You keep posting a 2 year old msft blog post which is out of date. The benchmark project page they link to points to this for the most recent results: https://www.nexthink.com/blog/comparing-grpc-performance/

Note that akka is currently second for single core, and fastest with multicore. .Net has a nice result, but lets use up to date results. Especially when it still fits your argument that JIT can compete in benchmarks with suitable warmup, etc..


Maybe because I wasn't aware of other ones?

Still it confirms the point that Go isn't up to the competition, which was my point, not that .NET is the super dupper best thing in the world.

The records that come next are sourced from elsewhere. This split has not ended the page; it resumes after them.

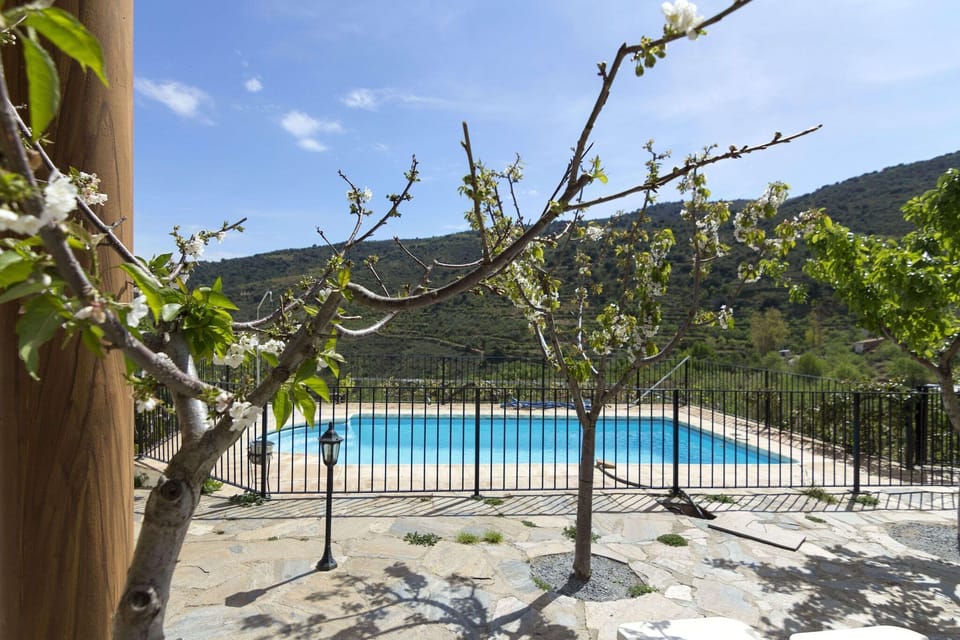 Holiday Home Swimming Pool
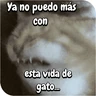 Stickers FuNnY MeMes con texto ✨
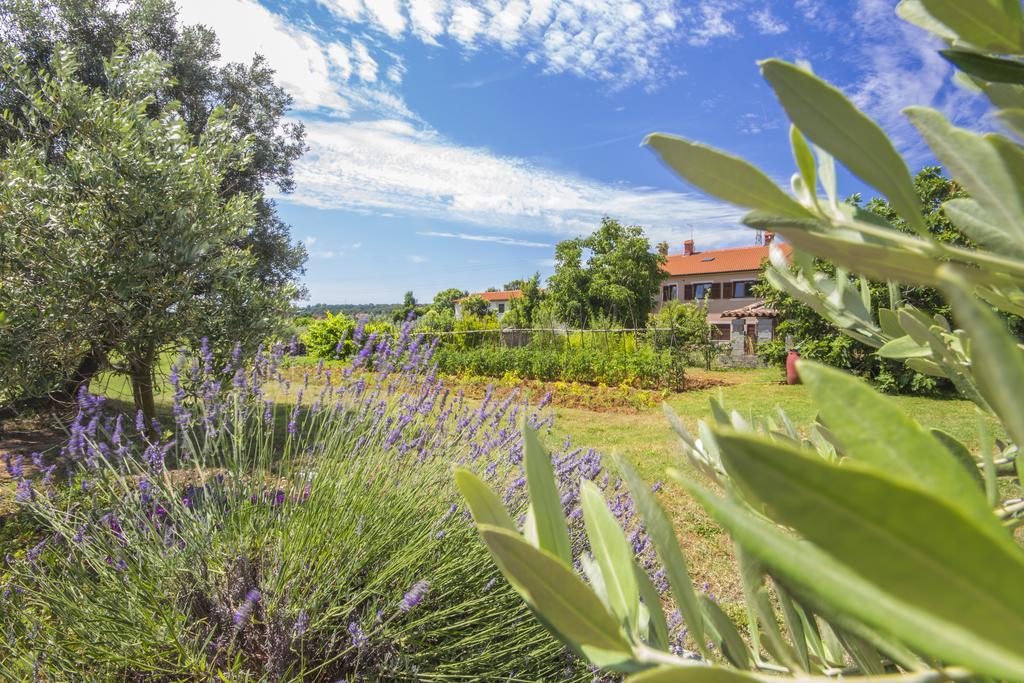 Pula Istria Apartments Eksteriør bilde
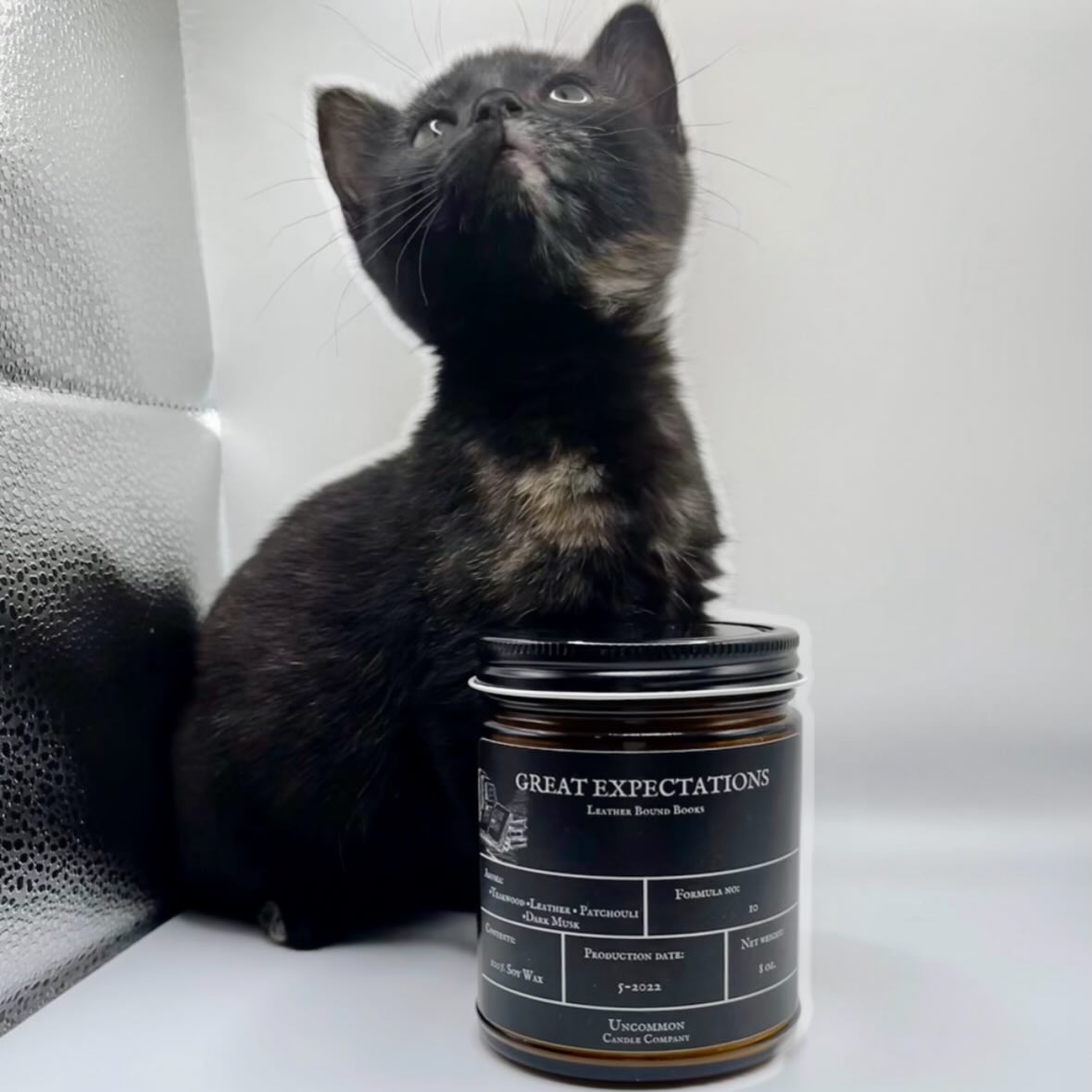 Moody. Woodsy. Complex.
Great Expectations is a deep blend of teakwood, leather, patchouli, and dark musk.
100% Soy • Strong throw • Like getting lost in the pages and the quiet of a bookstore.
Formula no. 11
#handmadecandles #shophandmade #candlemaking #soycandle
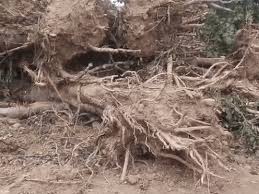 Panipat Village Manana Tree Cutting Case Update; NGT| Samalkha Haryana ...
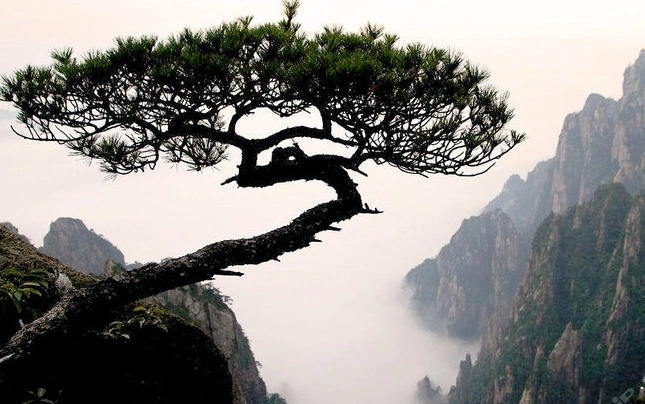 黄山:秋日红霞漫天,光影梦幻美不胜收!黄山的松树千姿百态,无奇不有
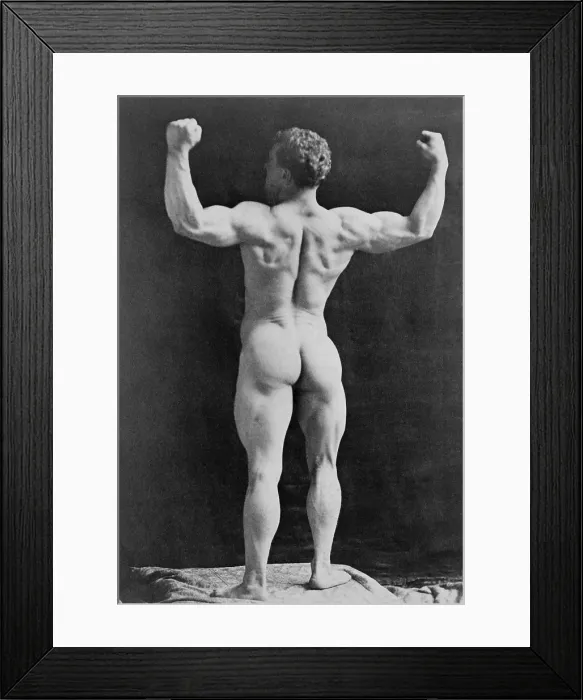 Framed Print : Eugen Sandow (1867-1925), German born strongman, in muscleman pose, standing, rear view, with fists raised. 1893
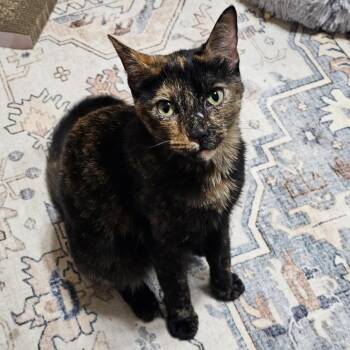 Dazzler -  Domestic Short Hair Cat for Adoption in Evanston, Illinois - Dazzler | PetCurious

Your article shows that Java, Scala, and .NET are all faster than significantly faster than Go in latency and throughput, and can beat C++ as well.

This only affirms our point that JIT can keep up with, or beat, AOT already.


It can, after a warm-up period and by using 10x the memory and likely non-idiomatic code. Sometimes one can live with that, sometimes not.


Look at benchmark game’s java programs - it is very idiomatic compared to most other contenders yet it is exceedingly fast


Only when the users are clueless to configure JIT caches.

As for non idiomatic code, that is even worse for Go code, as it lacks many of the performance tuning knobs.


I literally said this in my comment.